Uma análise de regressão parcial de mínimos quadrados foi usada para explicar como as características arquitetônicas (comprimento anual do broto, comprimento da agulha, padrões de ramificação e órgãos reprodutivos) são influenciadas por variáveis topológicas, ontogênicas e climáticas. Os resultados desta análise mostraram que o desenvolvimento da copa das árvores e a reprodução foram controlados principalmente pelo comprimento anual do broto e por variáveis relacionadas à topologia do ramo (ordem de ramificação, vigor relativo) e ontogenia (idade da árvore, idade ontogênica do broto). O peso total da variabilidade climática, quando comparado a esses fatores, foi mais fraco e diferiu entre as espécies estudadas. O desenvolvimento arquitectónico da copa das árvores como um todo foi, no entanto, claramente dependente da variabilidade climática interanual para as espécies estudadas. Os resultados deste estudo poderão contribuir para uma melhor avaliação do futuro destas espécies no contexto das alterações climáticas, nomeadamente através de uma melhor compreensão das interacções entre factores exógenos (clima e condições locais) e endógenos (ontogenia, topologia).
Pesquisador destaque

Michel Vennetier formou-se primeiro como engenheiro florestal e depois concluiu o doutorado em ecologia florestal na Universidade de Marselha (França). Ele trabalhou primeiro como pesquisador em silvicultura tropical no sul da Índia e na Costa do Marfim de 1978 a 1981, e como oficial florestal no nordeste da França até 1987. Em seguida, foi responsável pelo departamento de pesquisa e desenvolvimento de florestas tropicais da National Forest Forest Office, com sede na Martinica (Índias Ocidentais).

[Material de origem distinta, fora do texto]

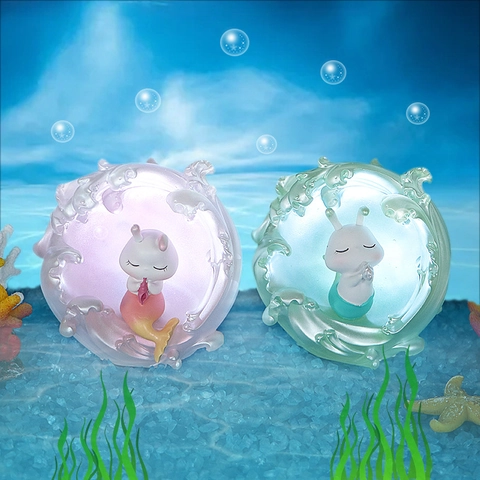 Resin Mermaid Rabbit Night Light Cartoon LED Ocean Theme Desk Ornament Gift For Kids Bedside Lamp Atmosphere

Desde 1996, Michel trabalha no Departamento de Territórios, Instituto Nacional de Pesquisa em Ciência e Tecnologia para o Meio Ambiente e Agricultura, com o objetivo de fazer a ponte entre pesquisa e manejo florestal, por meio de artigos científicos e guias técnicos, ferramentas práticas e treinamento para gestores florestais ou tomadores de decisão. Os seus principais projetos atuais estão relacionados com os impactos das alterações climáticas nas árvores (crescimento, desenvolvimento arquitetónico, fenologia, patologia) e nos ecossistemas florestais ou ribeirinhos (produtividade, biodiversidade e saúde – declínio e morte, qualidade do solo e interações com incêndios florestais).